The internal resistance calculation method further requires a current sensor capable of measuring a large currant within a wide current range with desired high accuracy in order to measure a starting current when a vehicle engine starts within a full detection range such as from −1000 A to −600 A. The current sensor having such a capability is extremely expensive because it guarantees a desired accuracy at any detection point in the full detection range.
Still further, the current sensor having such a function detectable a wide current range is only used when the vehicle engine starts, in other words, is not used in a case other than the vehicle engine start. In addition, because the engine starting current varies from a minimum value to a maximum value for a short period of time, for example, within a short-time range of 1 to 3 msec, it is in general difficult to perform samplings of the engine starting current in a wide range at a high speed with high accuracy.

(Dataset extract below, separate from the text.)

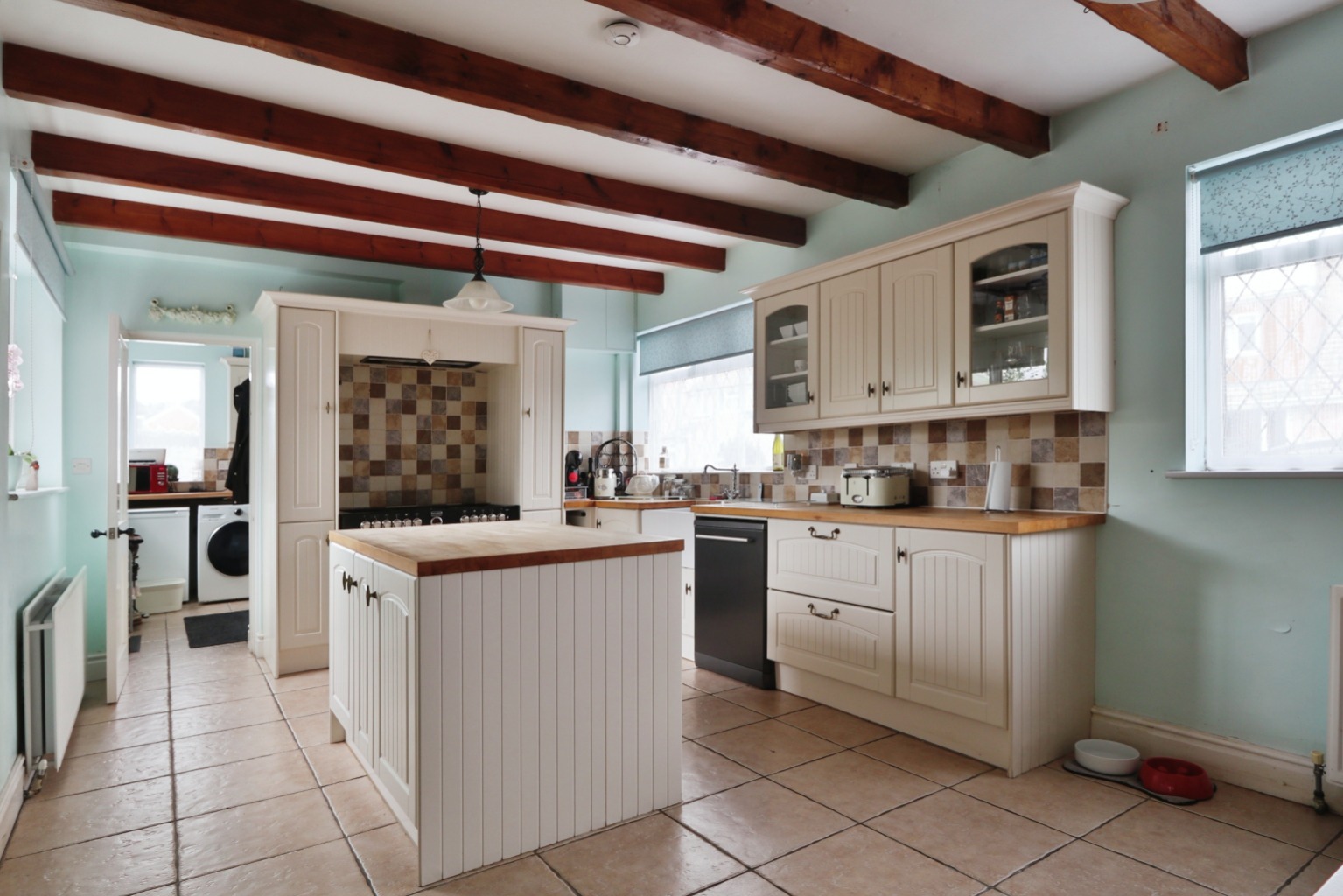 5 bed detached house for sale in Waudby Garth Road, Hull  - Property Image 3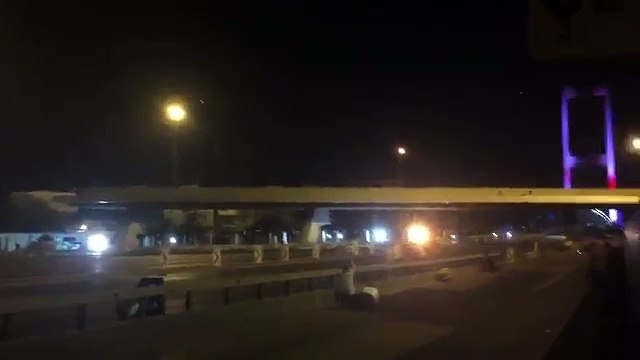 İstanbul Boğaziçi Köprüsünde Asker Ateş Açtı 16 Temmuz Türkiye Darbe İlk Görüntüler TSK Darbesi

In order to solve such a related art problem in views of necessity and economical efficiency, the related arts use a current sensor (or a middle range current sensor) capable of measuring a current within a range of −500 A to +100 A in order to measure an engine cranking current. FIG. 11 shows a current waveform when a vehicle engine starts detected by such a middle range current sensor. As clearly understood from FIG. 11, the middle range current sensor cannot detect a discharge current in a wide current range when a vehicle engine starts.
However, the use of the current-voltage characteristic during a cranking detected by such a middle range current sensor causes a difficulty in detecting an internal resistance of a secondary battery (or a storage battery) with high accuracy because a polarization state of the secondary battery largely affects the detection accuracy of the internal resistance of the secondary battery, as shown in FIG. 12.